Berdasarkan pengaduan mereka dan bukti-bukti
yang ada, Nabi Dawud ‘alaihissalam pun memutuskan bahwa anak yang masih hidup
adalah anak wanita yang lebih tua, sedangkan anak wanita yang lebih muda telah
diterkam serigala.
Atas putusan itu, wanita yang lebih tua
segera mengambil anaknya dengan penuh rasa senang. Sementara wanita yang lebih
muda pulang sambil menahan kesedihan dan meratapi nasib yang dialaminya. Rupanya
keadaan mereka berdua terlihat oleh Nabi Sulaiman ‘alaihissalam. Beliau
kemudian memanggil dan menanyai mereka. Mereka pun bercerita apa yang telah
menimpa, termasuk apa yang telah diputuskan Sang Ayah Nabi Dawud ‘alaihissalam.
Nabi Sulaiman ‘alaihissalam memang dikenal
seorang nabi yang memiliki pandangan tajam, diberi hikmah yang mendalam oleh
Allah subhanahu wata’ala dan diajari bagaimana menjelaskan seruan-Nya. Dalam
hati, beliau berpikir, “Yang dapat memutus perkara ini adalah perasaan yang lembut,
bukan akal.

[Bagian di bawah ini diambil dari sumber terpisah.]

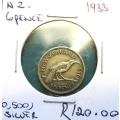 1933 New Zealand SILVER Sixpence 6d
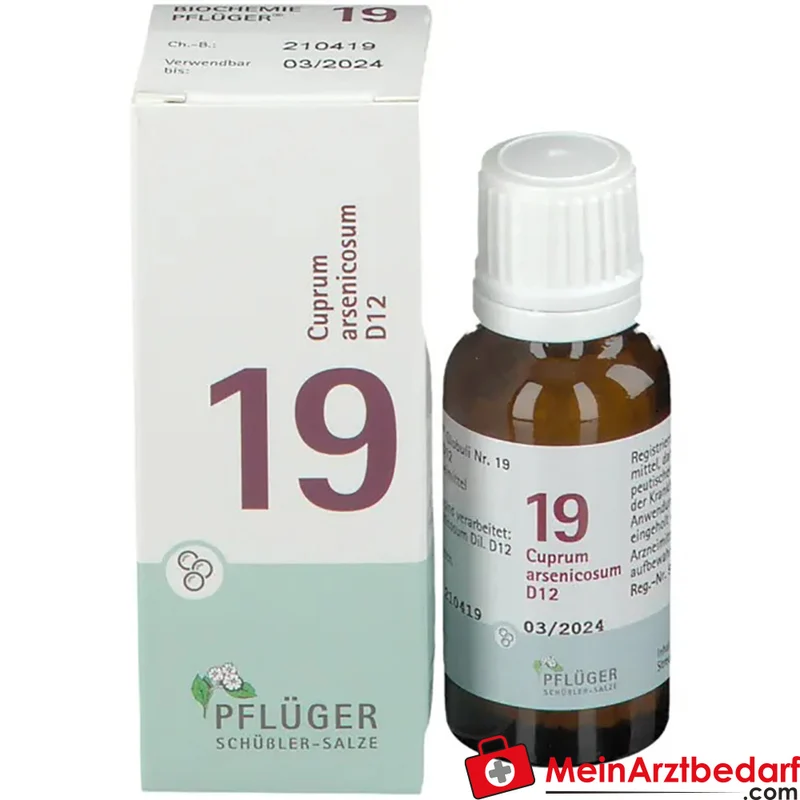 Biochemie Pflüger Globuli Nr. 19 Cuprum arsenicosum D12 Streukügelchen, 15 g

Karena itu, aku akan meminta pandangan kedua wanita itu. Siapa yang
kecintaannya lebih besar terhadap si anak, maka aku akan berikan anak itu
padanya.”
Kemudian, Nabi Sulaiman bertanya kepada
mereka, “Masing-masing meyakini bahwa ini adalah anak kalian?”
“Betul,” jawab mereka.
“Dan kalian mengklaim itu adalah anak
kalian?”
“Betul sekali.”
“Sekarang berikanlah aku pisau tajam untuk
membelah anak ini jadi dua!”
Sontak wanita yang lebih muda berteriak
keras, “Jangan, jangan lakukan itu! Itu anak dia!”
Sementara wanita yang lebih tua hanya diam.
Akhirnya, wanita yang lebih muda merelakan anaknya diberikan kepada wanita yang
lebih tua agar si anak bisa tumbuh bersamanya daripada harus dibelah dua.
Dengan tumbuhnya si anak itu, walaupun bukan dalam asuhan dirinya, si wanita
muda merasa lebih tenang. Memang, ibu mana yang tega melihat anaknya dibelah
dua? Dari situ saja Nabi ‘alaihissalam bisa melihat, hingga kemudian beliau
melirik kepada wanita yang lebih muda dan berkata, “Berarti itu adalah anakmu,
ambillah!”
Demikian kisah yang disarikan dari hadits
sahih yang diriwayatkan al-Bukhari dalam Shahîh-nya, tepatnya dalam Kitâb
Ahâdîts al-Anbiyâ, Bâb Tarjamah Sulaimân, jilid 6, hal. 458, nomor hadits 3427,
juga diriwayatkan oleh Muslim dalam Kitâb al-Aqdhiyah, Bâb Ikhtilâf
al-Mujtahidîn, jilid 3, hal. 1344, nomor hadits 1720.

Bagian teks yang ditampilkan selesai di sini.